Transform your defenses to meet emerging, AI-enabled fraud vectors with Incode’s deepfake detection.

Our technology

## How our deepfake detection works

Incode protects against deepfakes with multi-layered defenses that combine AI detection, government database verification, and continuous fraud research.

### Preventing injection attacks

Incode stops fraud at the root. Our native SDKs block device emulation and virtual cameras before the capture process even starts.

### Detecting deepfake fraud attempts

Advanced AI analyzes biometric and visual signals such as blurriness, iris presentation, light reflection, and texture anomalies to identify synthetic images and videos.

### Verifying against the Government System of Record (GSOR)

Incode partners with government identity issuers worldwide to enable deterministic verifications, surpassing traditional methods in accuracy.

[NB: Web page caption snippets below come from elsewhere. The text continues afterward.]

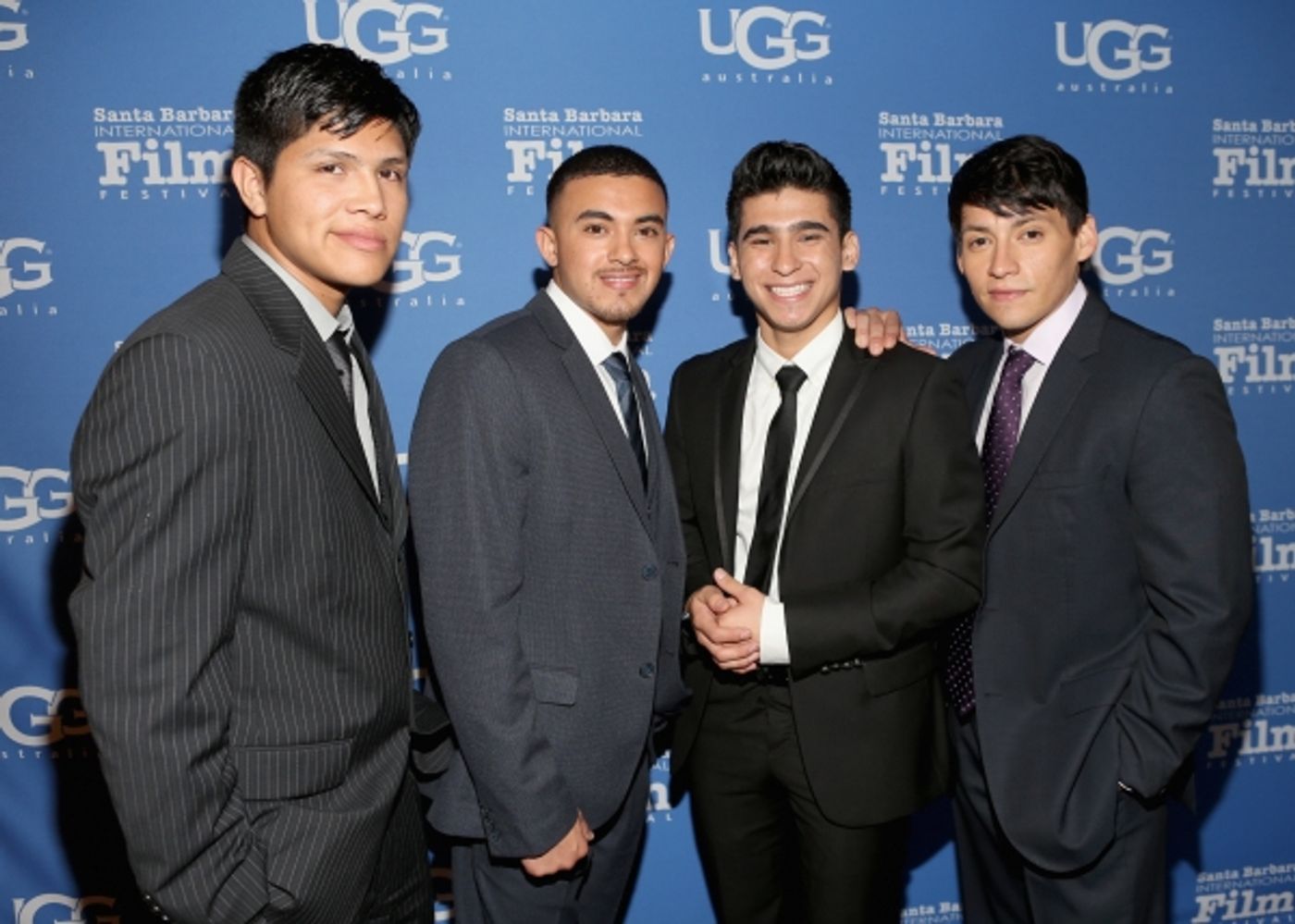 Photo Flash: Niki Caro, Kevin Costner and More Attend MCFARLAND, USA Screening in Santa Barbara  Image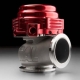 TiAL Sport MVR Wastegate 44mm 14.5 PSI w/Clamps – Red
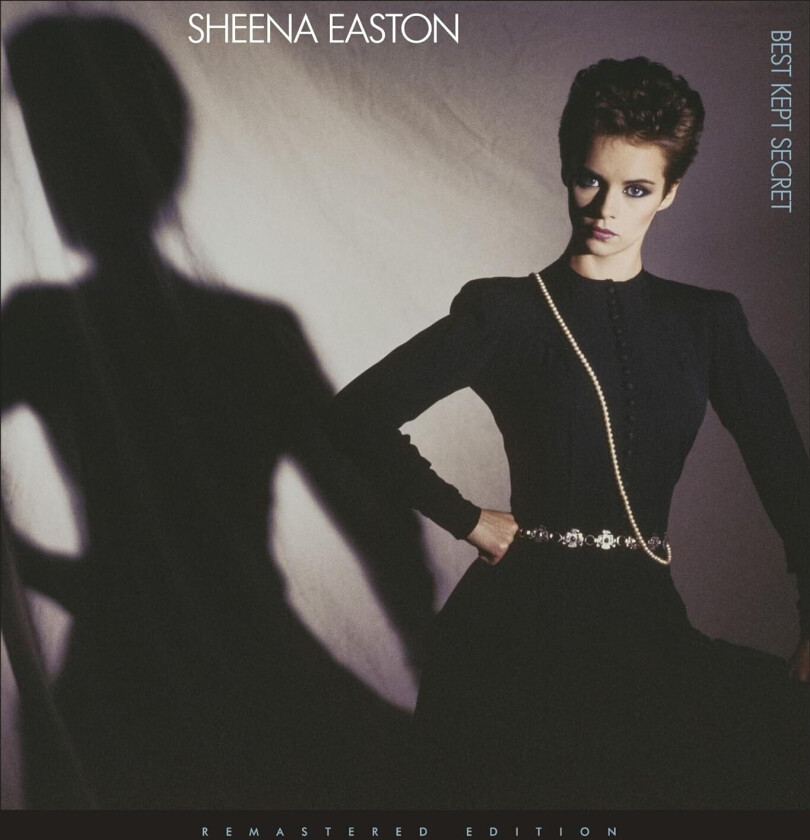 Sheena Easton Best Kept Secret LP/Vinyl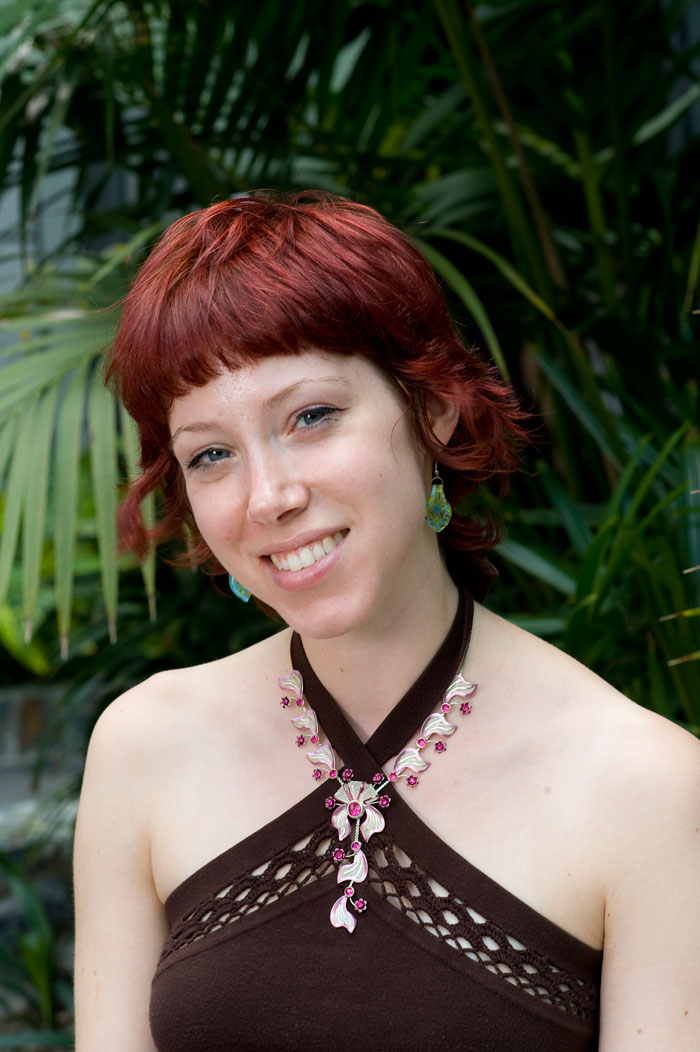 Ms Amy Lubik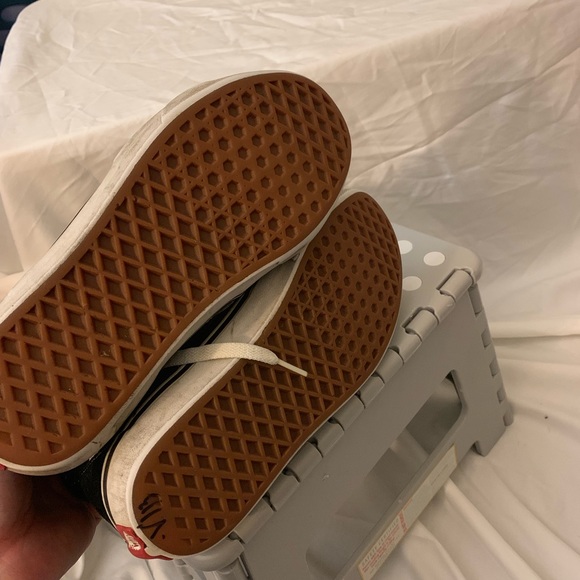 Vans hightop old school vans men’s size 6.0 - Picture 8 of 8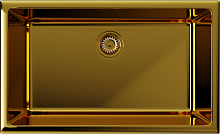 OMOIKIRI OKINOSHIMA 76-U/I G-GLOSSY мойка золотой
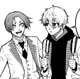 Nagi and Reo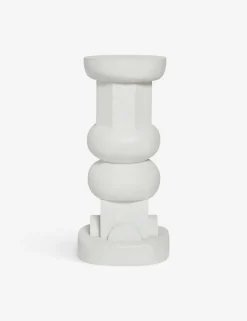 Toivo Pedestal by Sarah Sherman Samuel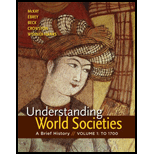 Understanding World Societies, Brief History, Volume 1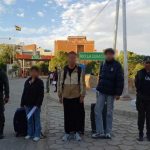 Detienen en Jujuy a seis ciudadanos chinos indocumentados: fueron expulsados del país por La Quiaca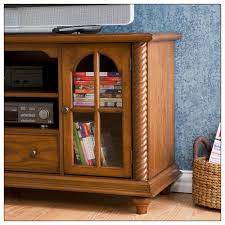 Shop items you love at overstock, with free shipping on everything* and easy returns. Sei Tv Stand For Most Flat Panel Tvs Up To 50 Antique Oak Ms9889 Best Buy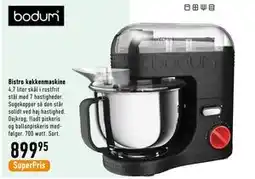 Imerco Bistro køkkenmaskine tilbud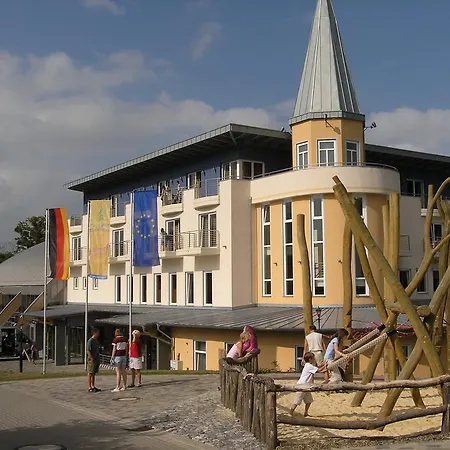 Üdülőpark Hasseroeder Wernigerode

### Continuous AI fraud research

Our in-house R&D team and Fraud Lab continuously train AI and ML models with real-world data, strengthening detection against the latest deepfake techniques.

Business benefits

## Why Incode?

Incode helps your business confidently detect and prevent AI-driven deepfake incidents, so your customers remain protected and your operations secure.

**Holistic protection**  
Every interaction is verified as a real, live person, effectively reducing the risk of sophisticated deepfake attacks.

**Unmatched accuracy**  
Advanced facial recognition and biometric matching deliver higher precision than legacy verification methods, reducing costly false positives.

**Multi-layered defense**  
Verification processes analyze both biometric signals and identification documents, detecting even subtle signs of synthetic manipulation.

**Real-time fraud detection**  
The Incode Fraud Network analyzes millions of data points instantly to stop suspicious activity before it impacts your business.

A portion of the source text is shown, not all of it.